Nicht an der Elbe entlang, denn dort ist es stockfinster. An der Leipziger
Straße entlang – das liebe ich ja gar nicht so, aber der Elberadweg ist mir zu
gefährlich. Nicht jeder Radfahrer fährt mit Licht… Als ich mich an der Eisenbahnbrücke
Richtung Elbe wende, ist es immer noch dunkel. Ein wenig scheint auch der Mond
durch die Wolken, aber heute kann er sich nicht durchsetzen. Dennoch – über die
großen Kreuzungen laufe ich nicht, dann doch lieber neben dem Elberadweg im
Gras. Ab und an kommt ein Radfahrer vorbei. Besonders komfortabel ist das
Laufen im Gras nicht, aber es sorgt für Abwechslung und die Beine werden
geschont. Wann wird es endlich hell? Ich laufe immer weiter, unter
Augustusbrücke, Carolabrücke und Albertbrücke hindurch. Nun ist die beleuchtete
Waldschlösschenbrücke zu sehen. Dort geht es hinüber. Nun beginnt es zu
dämmern. 11 Kilometer bin ich gelaufen und nach einer kurzen Trinkpause
überquere ich die Brücke. Ich bemühe mich, weiterhin ruhig und locker zu laufen. So
energiegeladen wie am vergangenen Samstag bin ich nicht, aber das hat auch
Vorteile: ich laufe durchweg langsam und kraftsparend. Je langsamer man läuft,
desto weiter kommt man - meistens jedenfalls. Während ich zurück ins Stadtzentrum
laufe, wird es allmählich heller. Kurz vor der Albertbrücke laufe ich wieder
hinunter zum Elberadweg. Hier auf dem Flohmarkt ist schon emsiger Betrieb. Ich laufe
so entspannt wie möglich weiter. An einer Baustelle unterhalb der Carolabrücke
rufen mir die Arbeiter Komplimente zu und ich winke ihnen. Blöde Bemerkungen
habe ich bisher kaum erlebt, nur einmal hat ein Radfahrer geschimpft, weil ich
ihn angeblich mit meiner Stirnlampe geblendet habe. Meine Stirnlampe ist klein,
geradezu minimalistisch… allen kann man es nicht recht machen. Nun geht es
schon hinauf zur Augustusbrücke. Die 15-Kilometer-Marke ist gleich erreicht.

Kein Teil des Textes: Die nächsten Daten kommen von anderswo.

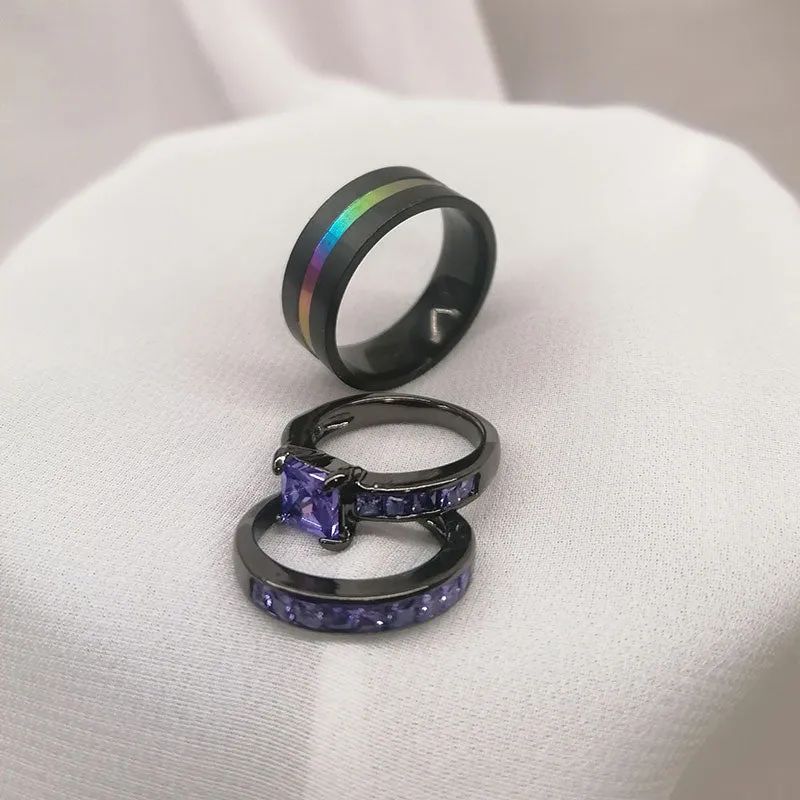 Purple Inlay and Purple Cubic Zirconia Stainless Steel Wedding Bands Set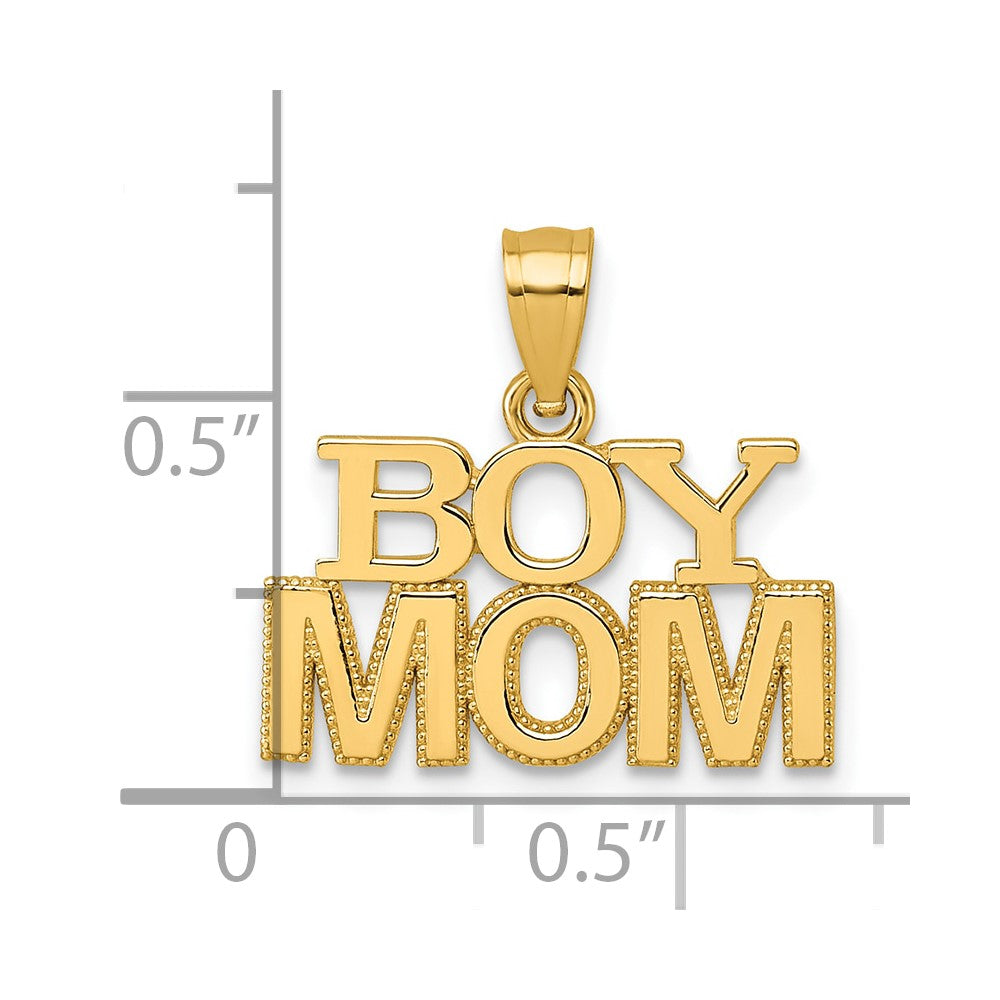 14K Yellow Gold Polished BOY MOM Pendant - Product Photo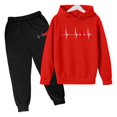 thumbnail image 2 of Gaexia Boys Tracksuit 10-12 Hooded Long Sleeve Sweatpant Jogger Set Printed Hoodie Sets 2 Pieces Kids Sweatsuit Back To School Clothes,Red,12-13 Years, 2 of 3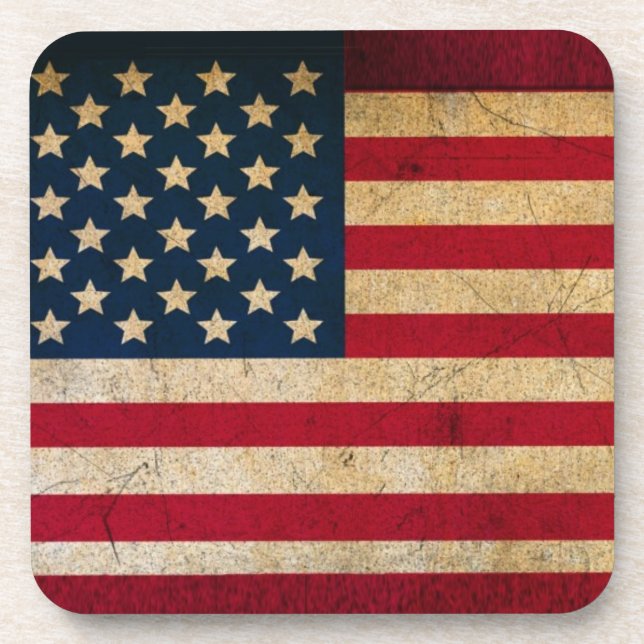 Patriotic United States Flag in Grunge Coaster (Front)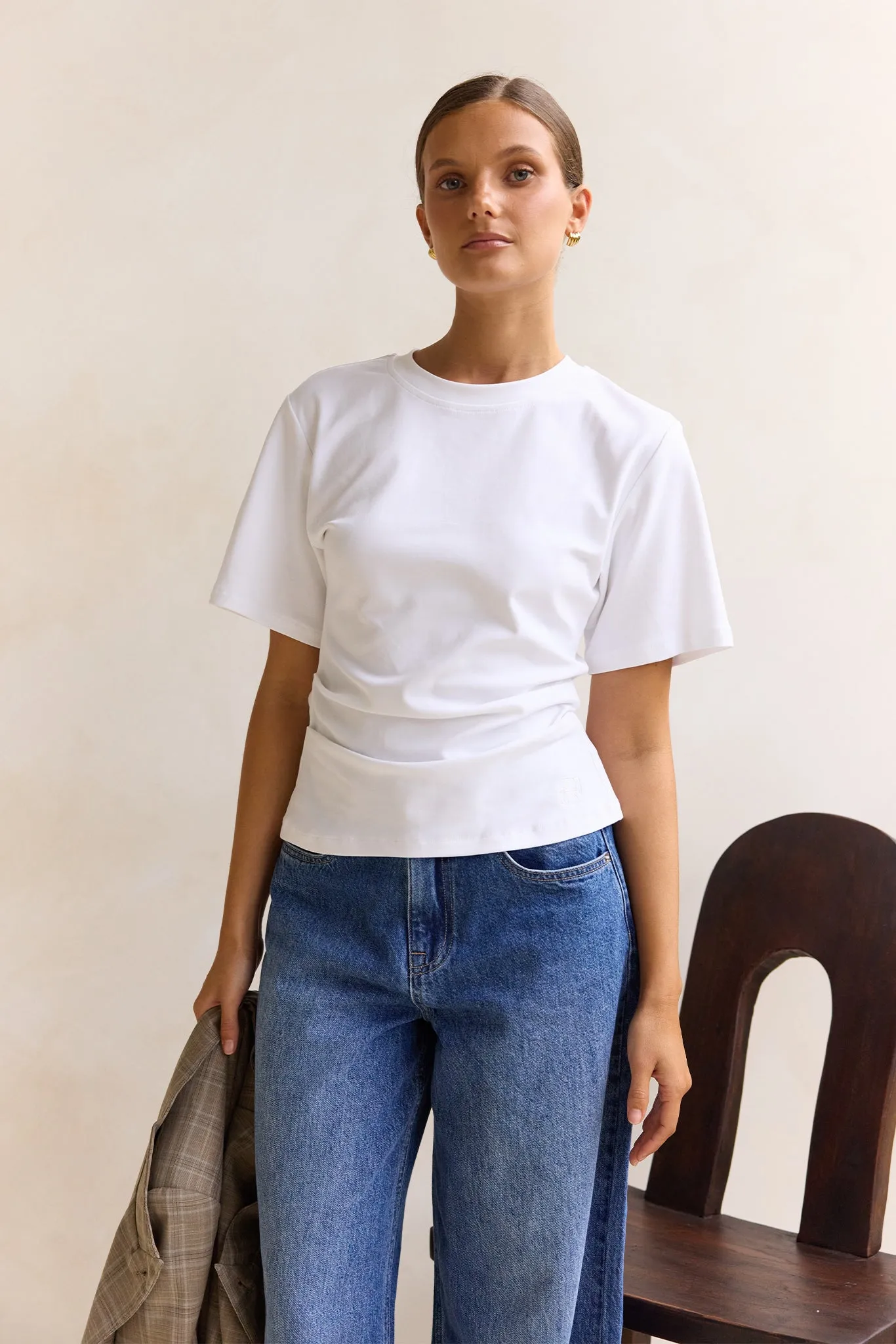 Rory Cinched Tee (White) sold by Runway Scout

Ich habe schon beschlossen, heute weiterzulaufen. Bisher habe ich mir die
Kräfte gut einteilen können, da geht noch ein Stück – idealerweise schaffe ich
es bis nach Hause. Zurück auf dem Elberadweg, geht es allmählich heimwärts. Vor
mir liegen die Marienbrücke und die Eisenbahnbrücke – und dann kann ich schon
die Radebeuler Weinberge sehen. Ruhig atmen und locker und langsam
weiterlaufen, darauf konzentriere ich mich. Es kommt ja noch eine Brücke: die
Molenbrücke. Als ich sie überquert habe, ist Kilometer 18 erreicht. Nun bin ich
schon sehr zufrieden. Und bis nach Hause komme ich auch noch. Ein Halbmarathon
wird es heute nicht, aber am Hoftor angekommen, sind es 19,47 Kilometer und das
ist mehr, als ich mir vorgenommen habe.